Supplied records:
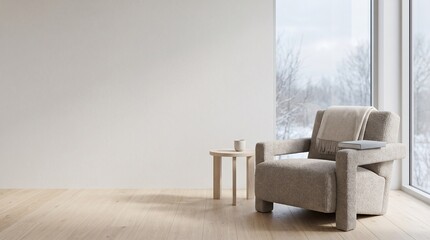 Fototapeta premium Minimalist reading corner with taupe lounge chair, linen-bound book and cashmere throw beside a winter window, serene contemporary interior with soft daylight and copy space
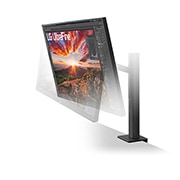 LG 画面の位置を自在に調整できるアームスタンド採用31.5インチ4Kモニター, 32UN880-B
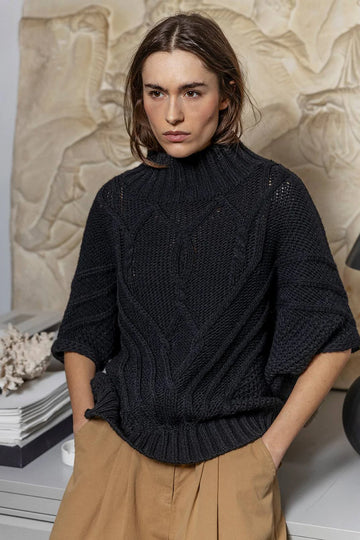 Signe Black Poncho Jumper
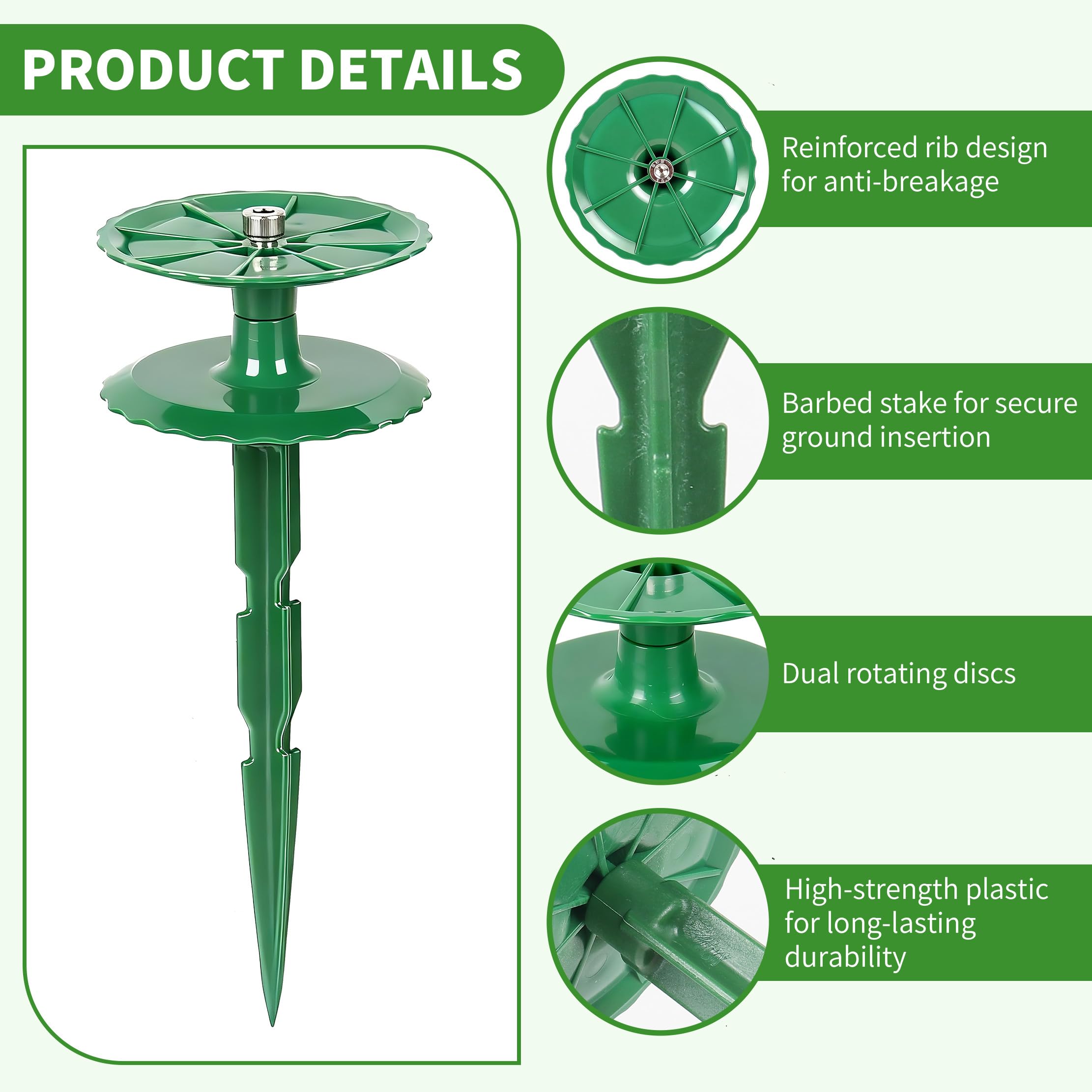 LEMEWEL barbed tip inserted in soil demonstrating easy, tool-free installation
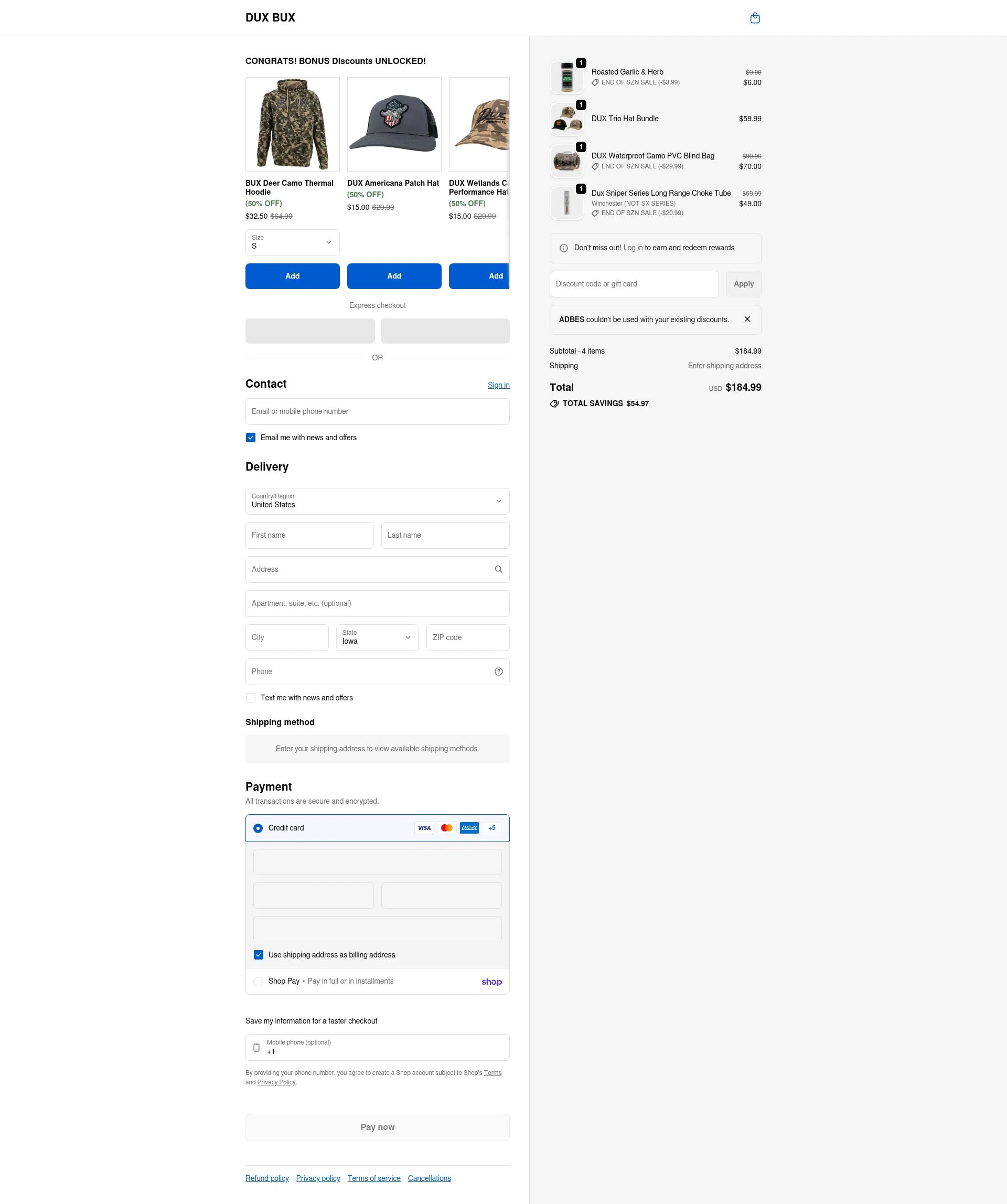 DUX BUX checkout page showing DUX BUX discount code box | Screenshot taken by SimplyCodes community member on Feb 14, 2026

What is required:
Print out all the material above exactly as it appears, omitting the images.

Answer below:
 Fototapeta premium Minimalist reading corner with taupe lounge chair, linen-bound book and cashmere throw beside a winter window, serene contemporary interior with soft daylight and copy space
 LG 画面の位置を自在に調整できるアームスタンド採用31.5インチ4Kモニター, 32UN880-B
 Signe Black Poncho Jumper
 LEMEWEL barbed tip inserted in soil demonstrating easy, tool-free installation
 DUX BUX checkout page showing DUX BUX discount code box | Screenshot taken by SimplyCodes community member on Feb 14, 2026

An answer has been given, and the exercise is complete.